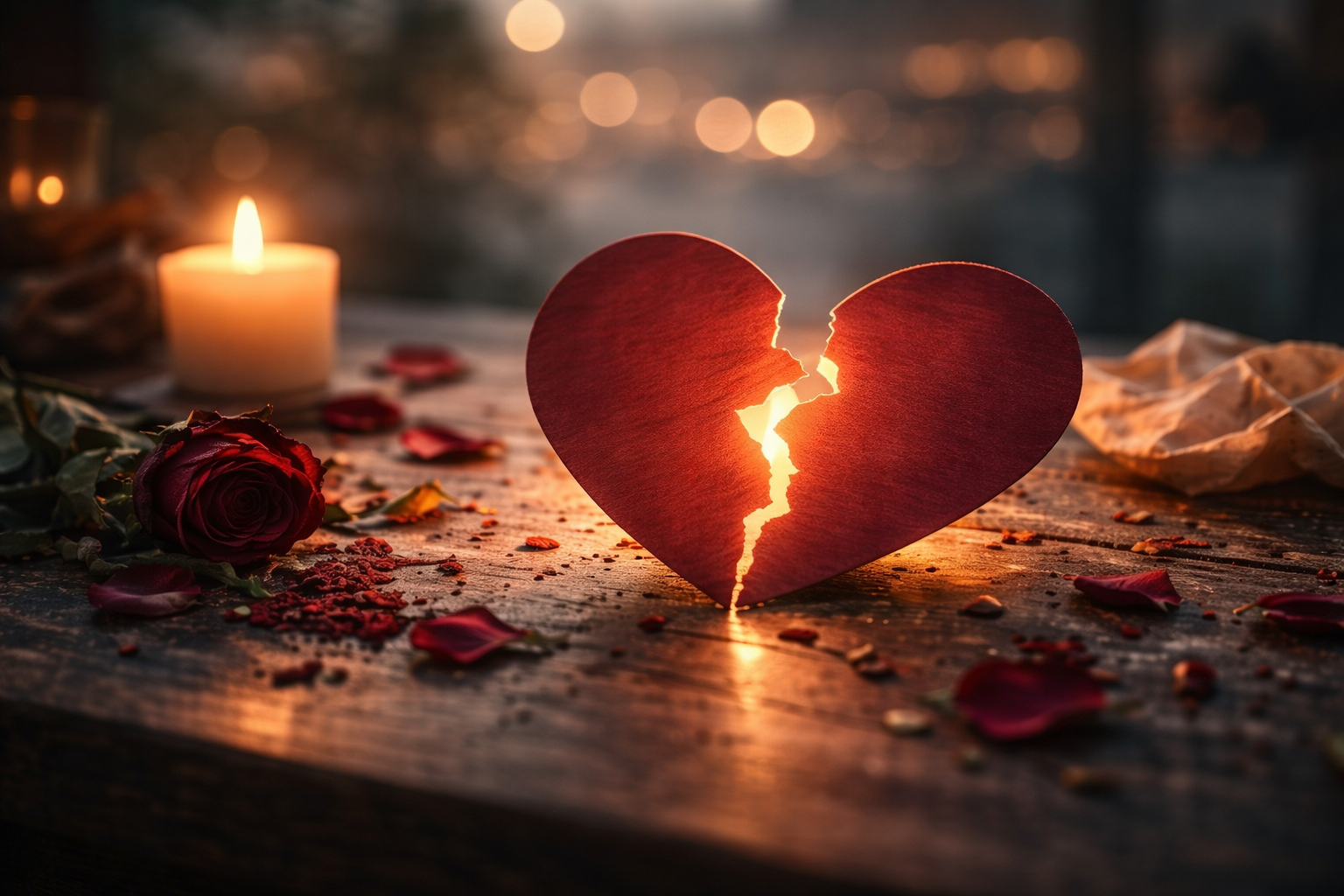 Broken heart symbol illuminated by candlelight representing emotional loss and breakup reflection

* * *

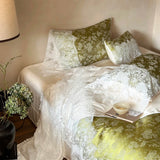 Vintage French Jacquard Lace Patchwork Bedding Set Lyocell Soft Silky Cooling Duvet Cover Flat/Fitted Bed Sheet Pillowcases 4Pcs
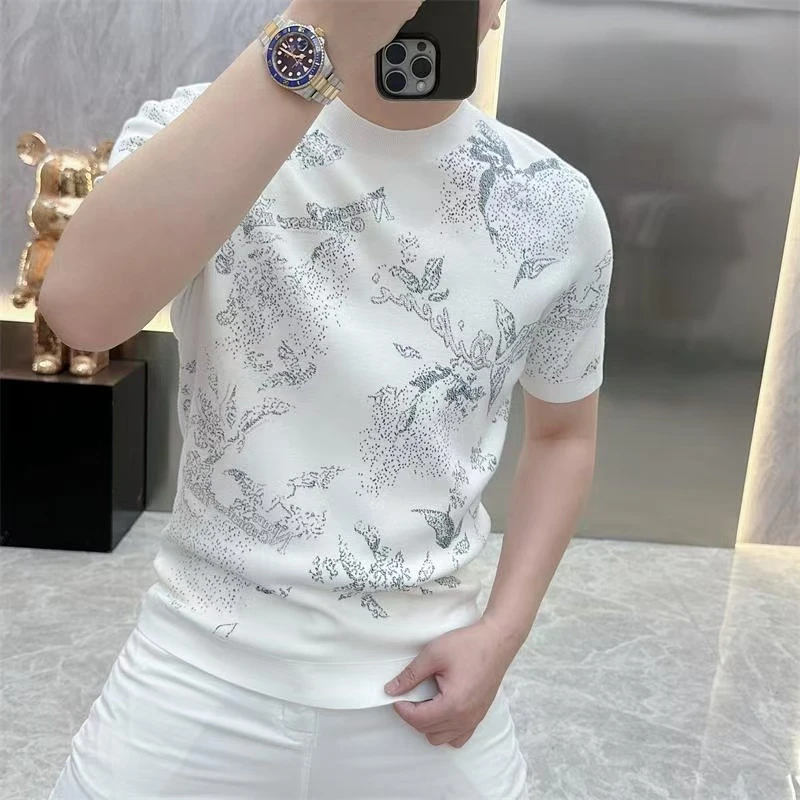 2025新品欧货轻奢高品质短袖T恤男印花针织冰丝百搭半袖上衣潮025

---

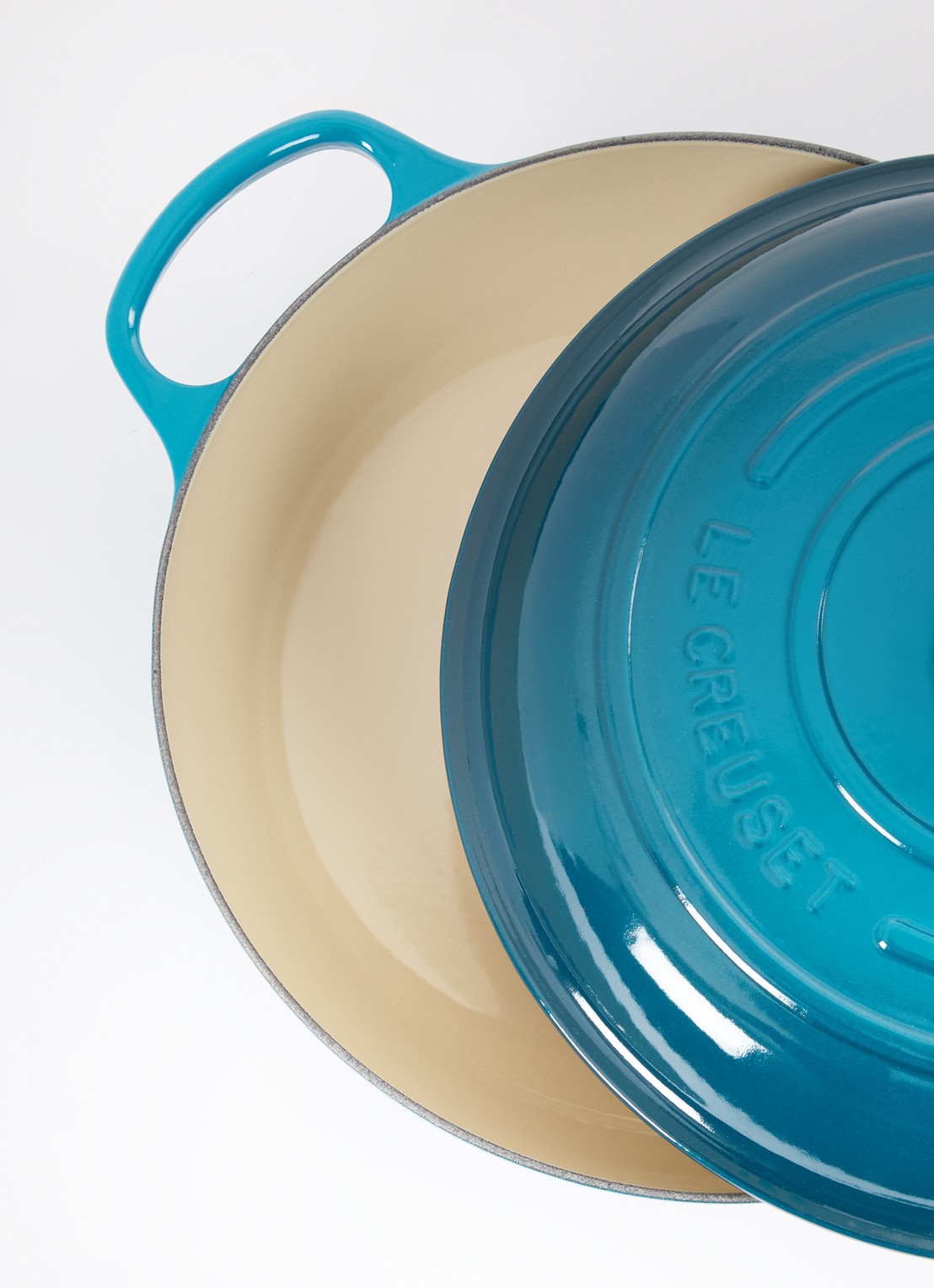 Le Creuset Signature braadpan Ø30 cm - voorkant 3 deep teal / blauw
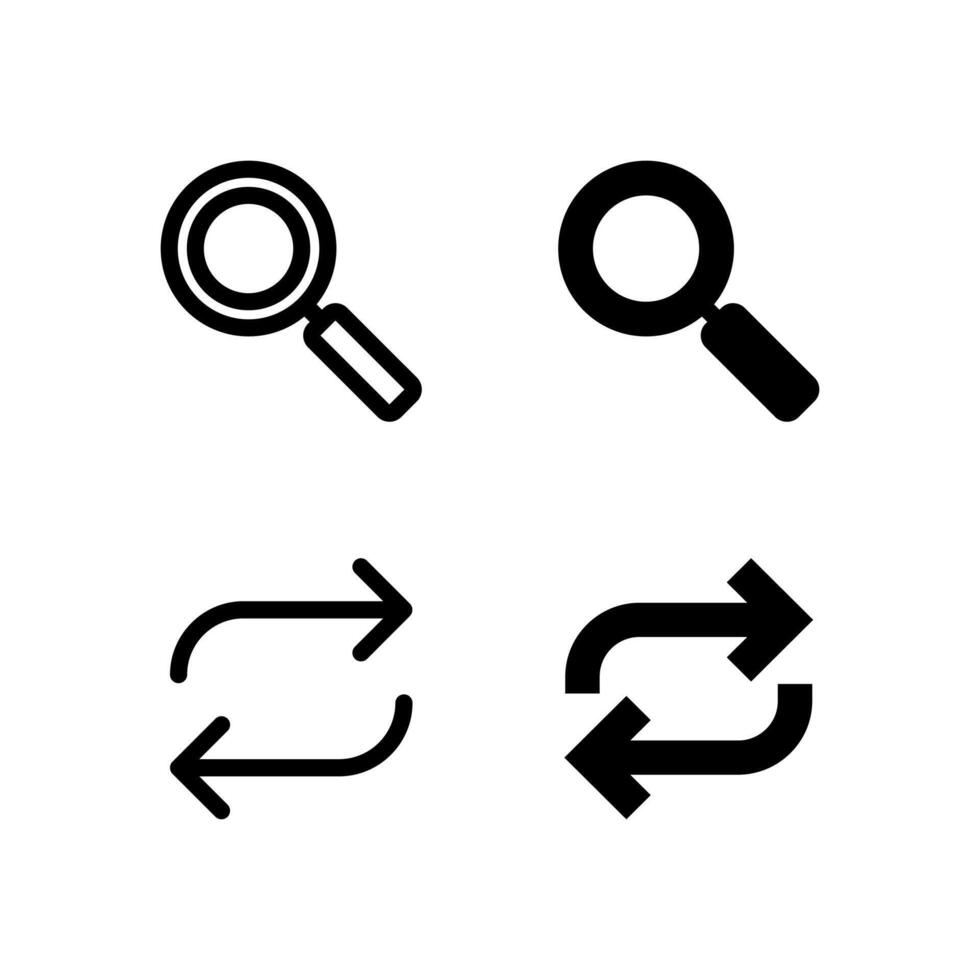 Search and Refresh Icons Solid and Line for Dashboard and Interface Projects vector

> **WHAT IS BEING ASKED**:
Everything from the line with "Vintage French Jacquard" down to the line with "2025新品欧货轻奢高品质短袖T恤男印花针织冰丝百搭半袖上衣潮025" in the data above should be copied exactly, with both end lines kept and the pictures left out.

> **TASK RESULT**:
 Vintage French Jacquard Lace Patchwork Bedding Set Lyocell Soft Silky Cooling Duvet Cover Flat/Fitted Bed Sheet Pillowcases 4Pcs
 2025新品欧货轻奢高品质短袖T恤男印花针织冰丝百搭半袖上衣潮025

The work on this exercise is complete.